Why bother with ASIO and VST?

  • Filter
  • Time
  • Show
Clear All
new posts

  • Why bother with ASIO and VST?

    Okay, I just started playing with my new Audigy 2ZS and kx drivers and done tons of reading but still a little confused. Right now I have the kx drivers working, and in the kx console my signal broken down into 3 channels, X-overd, 10 band eq, and time delay.

    So what is the advantage of running it through the ASIO and then adding the VST plugins with console? Just more/better plugins (i.e. free 31 band eq). Cleaner sound? Less processor requirements?

    Is there a freeware version of a VST host like Console that works just as well?

    Thanks everyone.

  • #2
    it might be best if this is moved into the high end audio section...

    i have used a very similar setup (kx->console->speakers). the biggest advantage is very simply, all the vst plugins that are availible. there are some free vst hosts, but i have not found any that are as easy to work with as console--i really like how i can 'see' the connection between different effects.

    the best resource that i have found for vst plugins/hosts (both free and for $) is

    there is no advantage from a processor standpoint--the plugins all take precious cpu resources to run, the real advantage is all the different plugins that can be added or rearranged to suit your fancy. there is also a very slim advantage that all the processing is done while the data is still in the digital realm-- to use most other sound processors(there are a couple processors that use a toslink cable, so this might not apply to those), the audio would be processed by the computer, converted to analog, and then redigitalized in the audio processor to be processed, and then reconverted back to analog to go to the amps.

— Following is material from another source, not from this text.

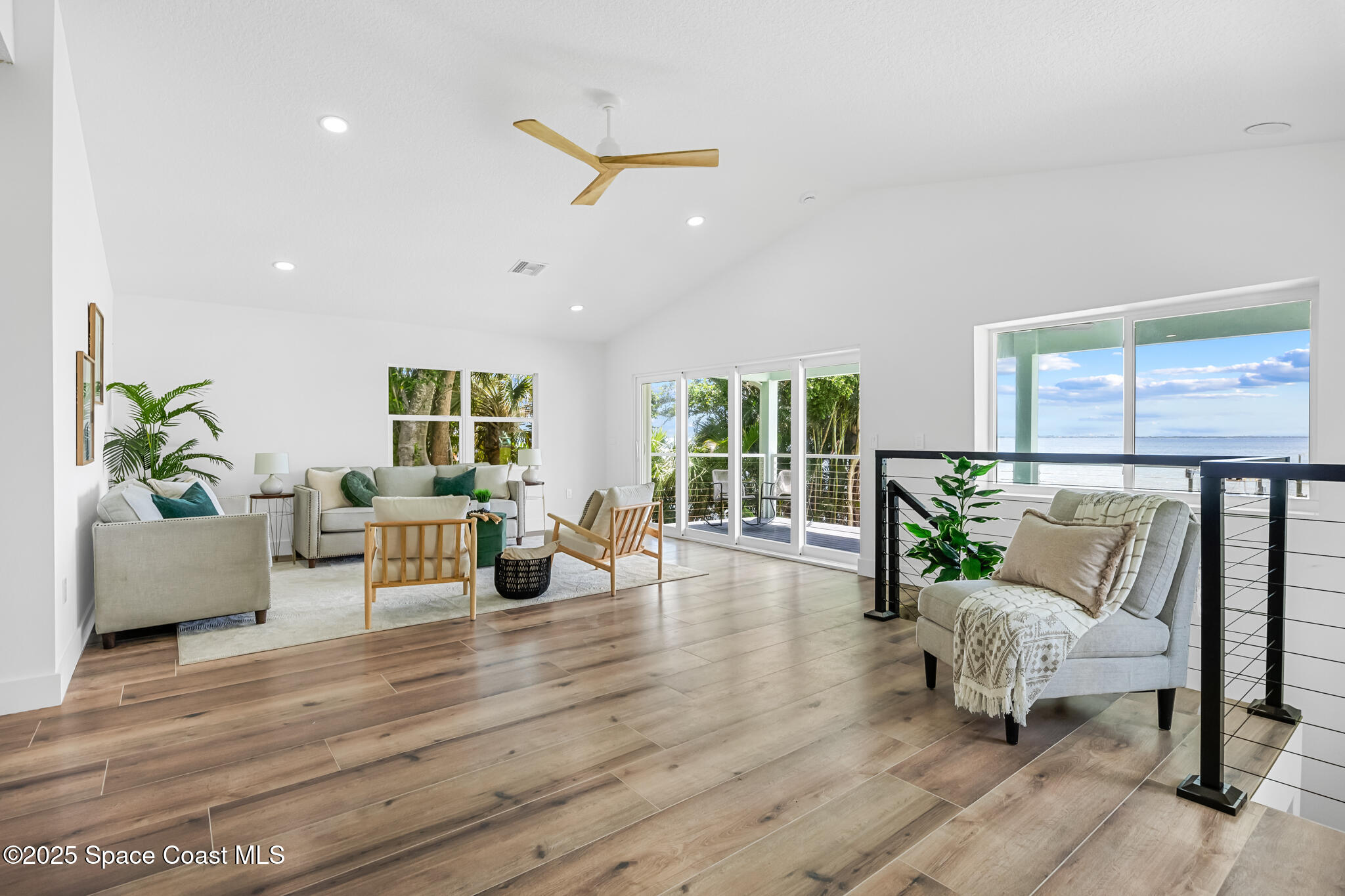 1313 Worth Court Northeast Palm Bay, FL 32905 - Photo 17 of 77 a living room with furniture and a large window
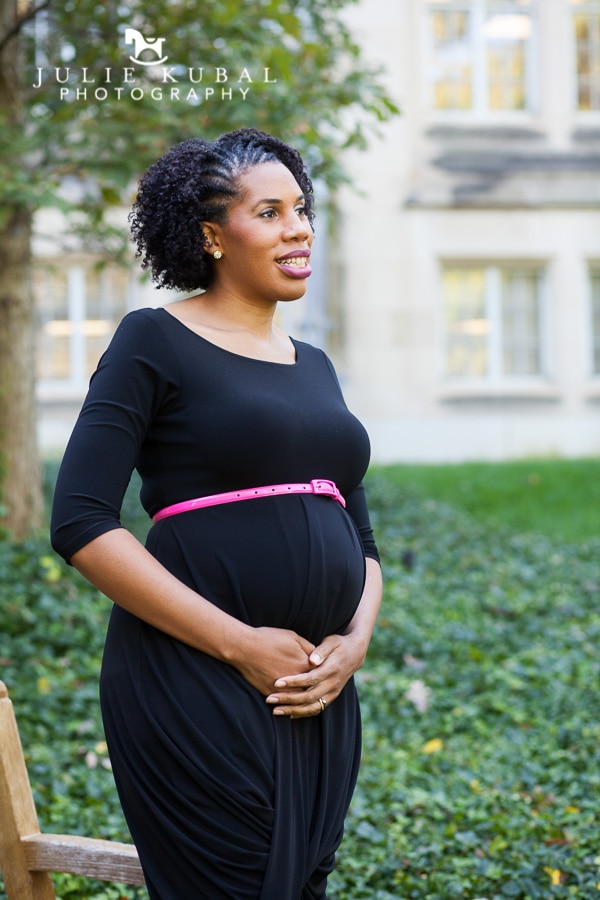 Pregnant woman poses outside on the grounds of Washington National Cathedral by Julie Kubal. Maternity photos taken during family session.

    by using the computer from the start to the finish of the process, the audio quality is slightly improved (compared to using multiple sequences of a/d--d/a convertors).
    My OLD 2001 Mitsubishi Eclipse GT:
    "The Project That Never Ended, until it did"

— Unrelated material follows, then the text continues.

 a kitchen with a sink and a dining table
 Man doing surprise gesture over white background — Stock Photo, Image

    next project? subaru brz
    carpc undecided


    • #3
      KXdriver plugin processing uses the soundcards built it DSP chip so it does not affect the CPU. However, there is a limited amount of processing the soundcard DSP chip can do before it runs out of hardware resources. If you don't reach that limit and can do what you need or want, then why change it.

      If you want more flexibility (ex more than 12/24db filters) then the other route is nice.
      System always under construction


      • #4
        I've been pretty happy with kx, and just sticking to the built-in DSP. Though to be fair, I haven't needed much in the way of equilization (which is what ends up eating up a lot of the hardware registers).

        And you are correct, the only advantages of going the ASIO/VST route is the higher availability of plugins. ASIO does not have any different sound quality over DX or WDM. It's main advantage is in more precise timing, which really doesn't matter in a playback environment.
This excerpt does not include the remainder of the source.